300b lovers


I have been an owner of Don Sachs gear since he began, and he modified all my HK Citation gear before he came out with his own creations.  I bought a Willsenton 300b integrated amp and was smitten with the sound of it, inexpensive as it is.  Don told me that he was designing a 300b amp with the legendary Lynn Olson and lo and behold, I got one of his early pair of pre-production mono-blocks recently, driving Spatial Audio M5 Triode Masters.  

Now with a week on the amp, I am eager to say that these 300b amps are simply sensational, creating a sound that brings the musicians right into my listening room with a palpable presence.  They create the most open vidid presentation to the music -- they are neither warm nor cool, just uncannily true to the source of the music.  They replace his excellent Kootai KT88 which I was dubious about being bettered by anything, but these amps are just outstanding.  Don is nearing production of a successor to his highly regard DS2 preamp, which also will have a  unique circuitry to mate with his 300b monos via XLR connections.  Don explained the sonic benefits of this design and it went over my head, but clearly these designs are well though out.. my ears confirm it. 

I have been an audiophile for nearly 50 years having had a boatload of electronics during that time, but I personally have never heard such a realistic presentation to my music as I am hearing with these 300b monos in my system.  300b tubes lend themselves to realistic music reproduction as my Willsenton 300b integrated amps informed me, but Don's 300b amps are in a entirely different realm.  Of course, 300b amps favor efficient speakers so carefully component matching is paramount.

Don is working out a business arrangement to have his electronics built by an American audio firm so they will soon be more widely available to the public.  Don will be attending the Seattle Audio Show in June in the Spatial Audio room where the speakers will be driven by his 300b monos and his preamp, with digital conversion with the outstanding Lampizator Pacific tube DAC.  I will be there to hear what I expect to be an outstanding sonic presentation.  

To allay any questions about the cost of Don's 300b mono, I do not have an answer. 

 

 

whitestix

I am not sure the of the adjective @whitestix would use to describe the amps, but "trippy" is pretty much spot on.  It is funny, because when I first wrote Lynn after building the initial stereo version with the CCS on each 6V6 plate I told him that it was so clean and clear and threw such a soundstage that it sounded like you were high every time you listened to it.  He was amused and wrote back and said that he and Karna described the sound of the first amps as "trippy".   That indeed is how they sound.  They are unlike anything I have ever heard, and with each improvement, they get "trippier".  Adding the Raven preamp with XLR connection directly to the input tube grids pushed them to new "highs" 😉 

I have an old timber frame house and the ceiling slopes upward from about 10 ft at the speakers to at least 20 ft overhead at the listening position.  So there are no ceiling reflections.  The sound stage is huge, and as I said earlier, it is akin to Omnimax theater for the ears.  Sometimes you are sitting inside the recording if that makes any sense.  Trippy indeed, and once you hear it, you just cannot unhear it and go back to some other amp.  It sort of blows the lid off of things.

The house I lived in back when I was in Portland had a ceiling like that, with a panoramic picture window overlooking the Oregon Coast Range behind the speakers.

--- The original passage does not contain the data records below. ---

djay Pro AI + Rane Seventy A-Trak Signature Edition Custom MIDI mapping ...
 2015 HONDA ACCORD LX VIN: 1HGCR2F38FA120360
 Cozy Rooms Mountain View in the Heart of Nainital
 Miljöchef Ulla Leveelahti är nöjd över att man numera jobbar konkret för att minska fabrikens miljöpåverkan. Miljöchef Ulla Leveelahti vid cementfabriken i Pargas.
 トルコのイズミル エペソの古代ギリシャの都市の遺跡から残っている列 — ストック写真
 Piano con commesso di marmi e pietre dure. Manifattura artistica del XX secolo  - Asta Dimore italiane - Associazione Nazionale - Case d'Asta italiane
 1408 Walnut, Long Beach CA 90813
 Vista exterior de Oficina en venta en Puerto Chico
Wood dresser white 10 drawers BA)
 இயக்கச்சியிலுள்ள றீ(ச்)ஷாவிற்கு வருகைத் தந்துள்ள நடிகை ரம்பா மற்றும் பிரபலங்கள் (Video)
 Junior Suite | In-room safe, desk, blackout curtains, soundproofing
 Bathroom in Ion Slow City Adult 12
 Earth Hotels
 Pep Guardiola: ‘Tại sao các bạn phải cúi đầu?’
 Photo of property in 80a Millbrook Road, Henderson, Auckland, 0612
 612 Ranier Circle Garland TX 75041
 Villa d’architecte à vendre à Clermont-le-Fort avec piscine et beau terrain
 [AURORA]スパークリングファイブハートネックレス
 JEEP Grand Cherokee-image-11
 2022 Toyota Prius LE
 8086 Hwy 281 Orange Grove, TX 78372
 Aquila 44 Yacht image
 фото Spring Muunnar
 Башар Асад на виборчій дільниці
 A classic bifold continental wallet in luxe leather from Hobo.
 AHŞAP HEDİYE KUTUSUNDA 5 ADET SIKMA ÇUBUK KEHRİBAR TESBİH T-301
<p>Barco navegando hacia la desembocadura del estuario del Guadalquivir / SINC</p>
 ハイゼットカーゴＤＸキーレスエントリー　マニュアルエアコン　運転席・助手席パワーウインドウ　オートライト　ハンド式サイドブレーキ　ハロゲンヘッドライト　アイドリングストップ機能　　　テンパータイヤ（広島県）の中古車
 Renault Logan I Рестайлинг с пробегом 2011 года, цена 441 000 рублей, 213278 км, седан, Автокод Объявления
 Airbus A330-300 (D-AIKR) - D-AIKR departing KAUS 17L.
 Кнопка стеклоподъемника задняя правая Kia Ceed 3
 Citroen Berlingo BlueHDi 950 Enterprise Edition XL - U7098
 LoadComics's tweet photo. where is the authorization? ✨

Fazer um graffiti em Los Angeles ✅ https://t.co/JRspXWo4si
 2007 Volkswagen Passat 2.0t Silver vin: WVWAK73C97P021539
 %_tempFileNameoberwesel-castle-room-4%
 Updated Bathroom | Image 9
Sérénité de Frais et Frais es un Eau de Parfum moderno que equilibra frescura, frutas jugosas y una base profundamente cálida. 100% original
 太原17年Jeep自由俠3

The very first PP 300B amp, the Amity, had a vast, CinemaScope soundstage. Once I heard that, no more SETs for me, nor PP pentode. All done.

That’s when I contacted Harvey Rosenberg back East and told him that interstage transformers were The Way. He never did get to hear my amps, but he got his hands on the Japanese Sun amplifiers (with ITs) and never looked back. Harvey was powering his gigantic Tannoy Westminsters, but from what he told me, the Sun amplifiers took charge of the big Tannoys. No surprise there.

IT-coupled PP DHT’s have a power and majesty unlike anything else in audio. Bell Labs and Western Electric knew what they were doing back in 1935. It probably didn’t hurt they had Leopold Stokowski as an in-house musical consultant.

@lynn_olson

IT-coupled PP DHT’s have a power and majesty unlike anything else in audio. Bell Labs and Western Electric knew what they were doing back in 1935.

A compelling point. I do believe that if implemented properly the DHT tubes are difficult to equal or surpass in terms of music reproduction purity. Nothing is perfect but they have considerable  intrinsic sonic value and ability.

Charles

Is anybody else building IT-coupled PP DHT amps these days?

Kinda' seems like these amps are going to be (justifiably) pricey when they come out.

@markusthenaimnut  I have no idea.  I think Lukasz at Lampizator was.  Yes they will be pricey because the power supply topology is something that I have not seen in any commercial amps that I haven't built, and there are custom wound transformers throughout.  So even if someone would build a similar concept, these have a lot of features that probably wouldn't be in something else.  Hence the cost.....  Again, this was essentially a cost no object (within reason) project to see what was sonically possible.  I am pleased with the outcome.  There are certainly many decent quality tube amps out there for under $5,000 including the Kootenay that I used to build.  None of them are this good though.  Doesn't mean you cannot have a really satisfying and enjoyable stereo for less.  Just that if you want this level of performance it costs this much to do correctly.